Heat Storage capacity per average day for individual heating solutions
Heat storage capacity for individual heating solutions as a percentage of an average day of heating demand. The average day of demand is calculated based on the yearly heating demands for individual heat pumps and direct electric heating “Yearly heating demand using individual heat pumps” and “Yearly heating demand using direct electric heating”). These are added together to find a yearly total demand for individual heating solutions, and then the average day is found. For example, if each of these have a yearly demand of 100 GWh/year the total would be 200 GWh/year, and the average day would be 0.5 GWh (200/366). Default value is 10%, where it with the example would equal a storage capacity of 0.05 GWh.

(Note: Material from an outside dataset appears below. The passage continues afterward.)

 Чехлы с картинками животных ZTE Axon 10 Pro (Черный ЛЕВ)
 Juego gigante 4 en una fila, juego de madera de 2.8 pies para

Yearly average COP value for district heating heat pumps
Yearly average coefficient of performance (COP) of the heat pumps in district heating systems. The default value is 3. The “CM – District Heating Supply” can be used to identify relevant COP values for the heat pumps for district heating, by in the results of that CM to take the supply of heat from heat pumps and divide it by the electricity consumption of the heat pumps.
Max share of vehicles during peak demand
Maximum share of flexible charged vehicles which are driving during peak demand hour. The default value is 20%.
Share of parked cars connected
Share of parked flexible charged vehicles connected to the grid. The default value is 70%. If using the “CM - Electric vehicles charging needs” also, please note that in that CM the assumption is 100% connection of parked vehicles.
Charge and Discharge efficiency
Charge and discharge efficiency of the electric vehicles. The model is simplified by assuming that the charge and discharge efficiency is the same. Default value is 90%.
Share that can use V2G
Share of electric vehicles that deliver electricity back to the grid (vehicle-to-grid / V2G). Default value is 50%.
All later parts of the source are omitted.